2016年度より静岡大学と両大学は、流星バースト通信に関する共同研究を実施しています。流星バースト通信とは、流星が地球の大気圏に突入する際に発生する電離気体柱(流星バースト)によるVHF帯電波の反射現象を利用した見通し外通信で、設備の設置や維持が簡単かつ安価で最大2000km離れた通信局間でデータ伝送を実現できるという特徴があります。招へいした両大学とのインドネシアでの共同研究では、世界で初めての低緯度地域での流星バースト通信実験を実施しています。
今回のプログラムでは流星バースト通信を学ぶために、学生らに流星バースト通信の原理と応用、流星バースト通信の要素技術、そして、本学で長年実施している本通信方式の実験設備に関する講義をしました。この講義で学生らは、流星バーストによってどのように通信を実現するかの原理と、流星バースト通信の代表的な利用例である米国農務省のSNOTELによるテレメトリシステムについて学びました。さらに、流星バースト通信の要素技術であるパケット構成や通信プロトコル、同期方式についても学習しました。流星バースト通信の要素技術には、通信工学の授業で学ぶ事柄が多く含まれていることもあり、学生らが積極的に取り組む様子が見られました。

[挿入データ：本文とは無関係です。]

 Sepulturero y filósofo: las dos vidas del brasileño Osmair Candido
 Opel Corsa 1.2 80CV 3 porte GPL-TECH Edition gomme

今回の招へいでは、本学の浜松キャンパスで行われている電気電子や情報工学に関す研究についても紹介しました。その一つとして、AI技術を利用した農業に関する研究にについて紹介し、学生はAIによって農作物の量や品質が改善することを学びました。また、次世代電気モータに関する研究室を訪問し、ベアリングレスモータの原理と応用について学習しました。さらにプログラム期間中の土曜は、「テクノフェスタ」(研究室公開日)であったことから、学生らは浜松キャンパス工学部、情報学部の多くの公開研究室を見学することで、本キャンパスの様々な研究についての知見を広めました。
浜松は輸送機械をはじめとする工業都市であり、その有力企業の一つである(株)スズキのスズキ歴史館を訪問しました。静岡大学スズキ寄附講座の教員から、東南アジアでの輸送機器企業の展開や現在の研究開発の内容や将来の見通しについて講義を受け、そしてスズキ歴史館の担当者からは自動車生産の過程や浜松地域の輸送産業の歴史等について説明を受けました。インドネシアではスズキを始めとする日本製の二輪車・四輪車が極めて普及しており、日本企業のあり方に関する説明に学生らは大いに興味を持ったようでした。
招へい学生が作成したレポートには、本プログラムで有意義な時間を過ごしたことが多々書かれておりました。このような機会をいただきました「さくらサイエンスプログラム」に感謝いたします。